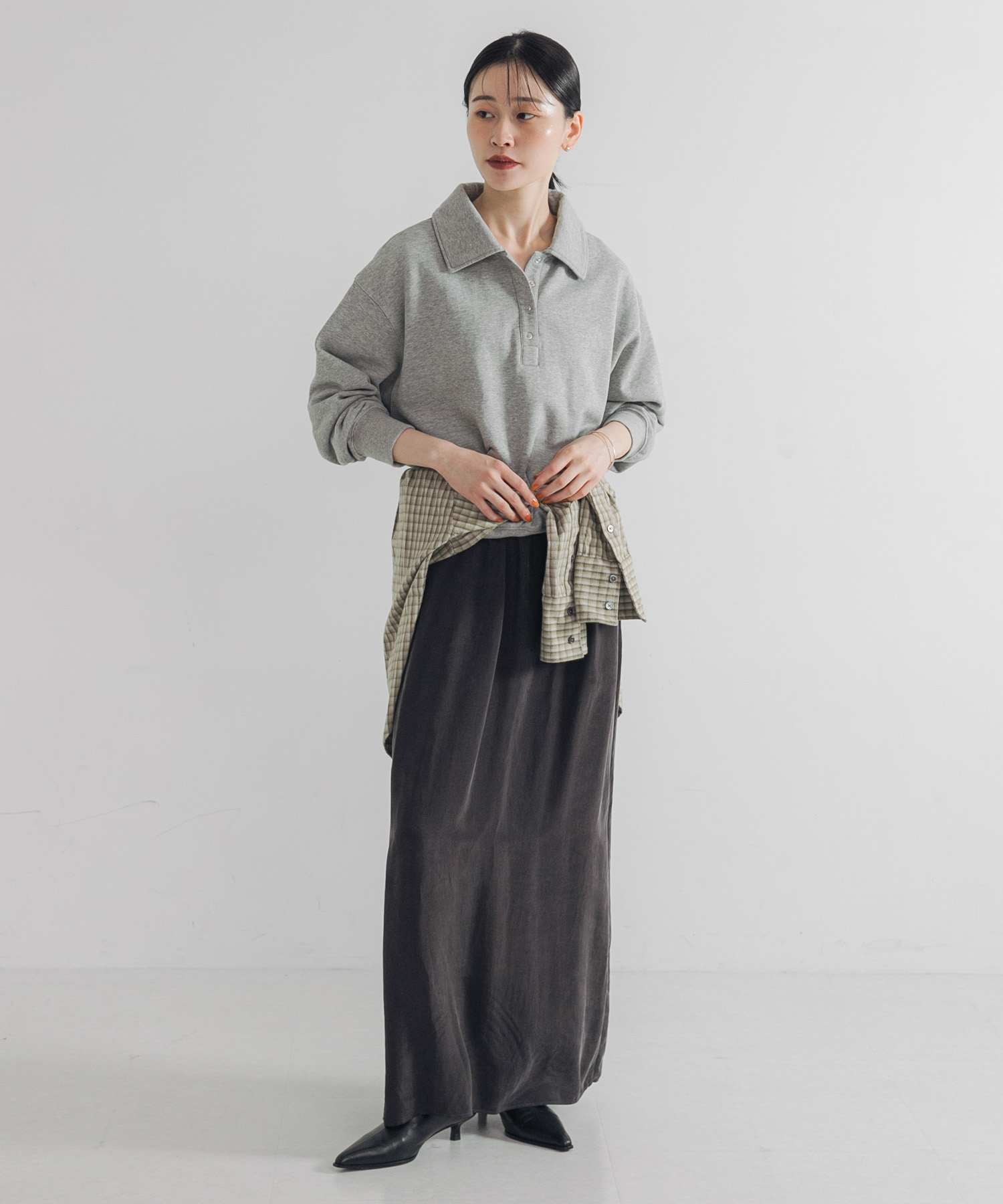 GRAY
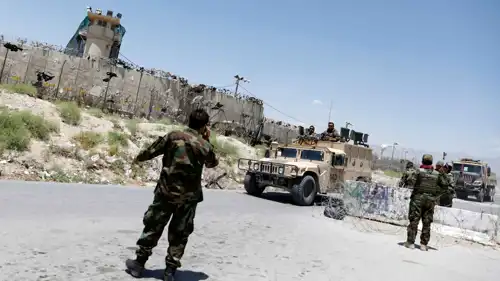 جنود أفغان أمام قاعدة "باغرام" الأمريكية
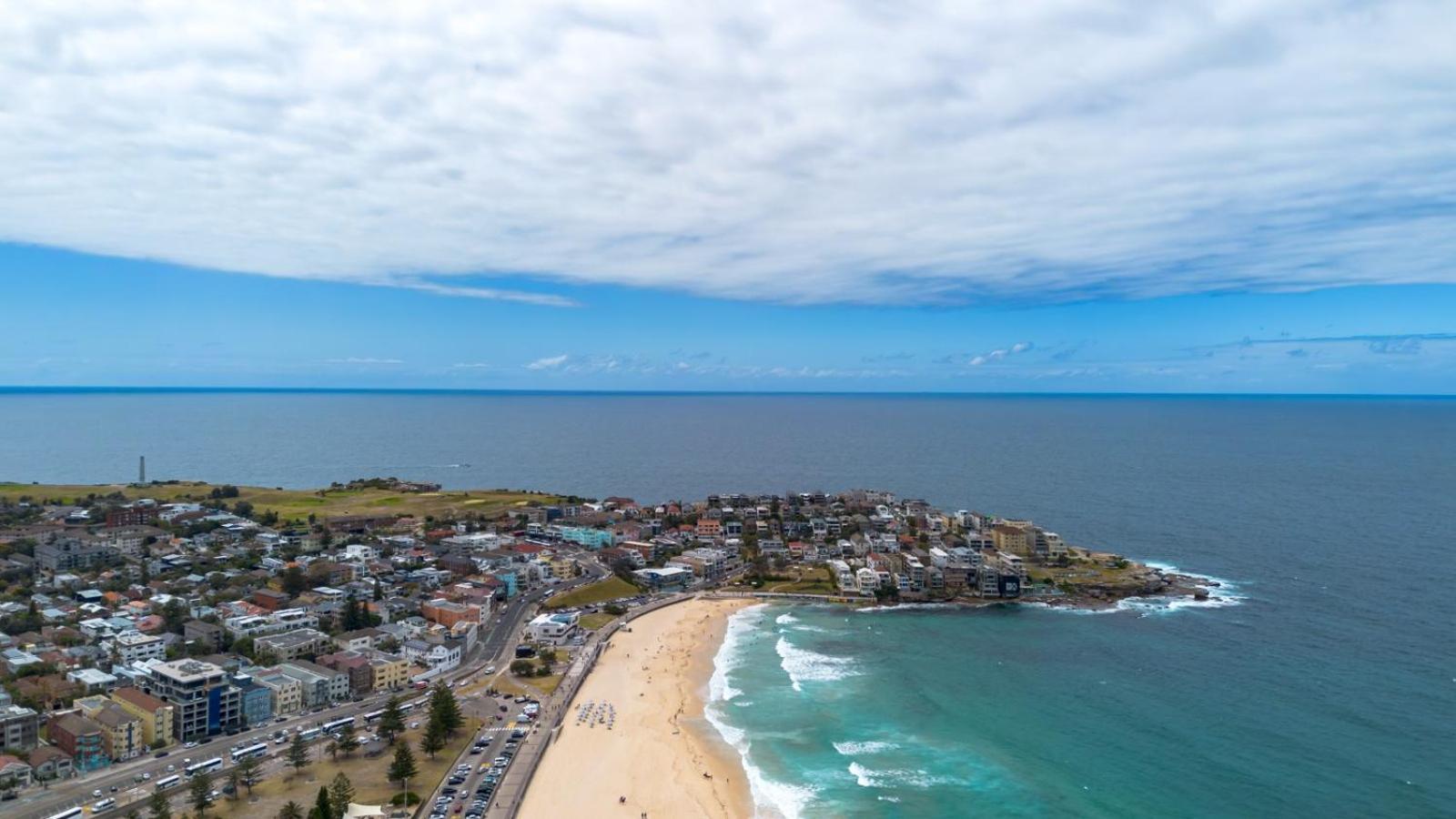 Coastal Bliss 2br In Bondi With Parking Appartamento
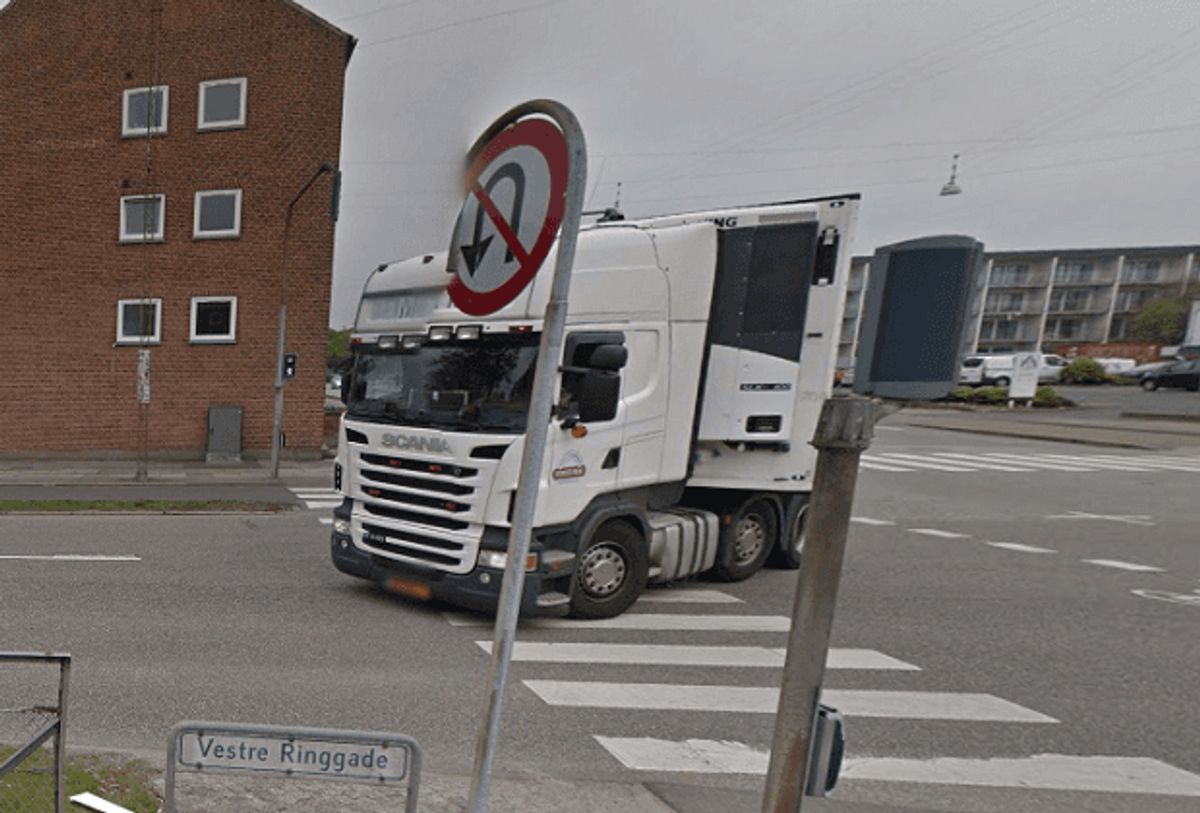 Vær særligt opmærksom på cyklister, når du skal svinge til højre eller venstre. Foto: Colourbox.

■ YOUR INSTRUCTIONS ■
Exactly as written, return each line above and leave the pictures behind.

■ RESULT BELOW ■
 GRAY
 جنود أفغان أمام قاعدة "باغرام" الأمريكية
 Coastal Bliss 2br In Bondi With Parking Appartamento
 Vær særligt opmærksom på cyklister, når du skal svinge til højre eller venstre. Foto: Colourbox.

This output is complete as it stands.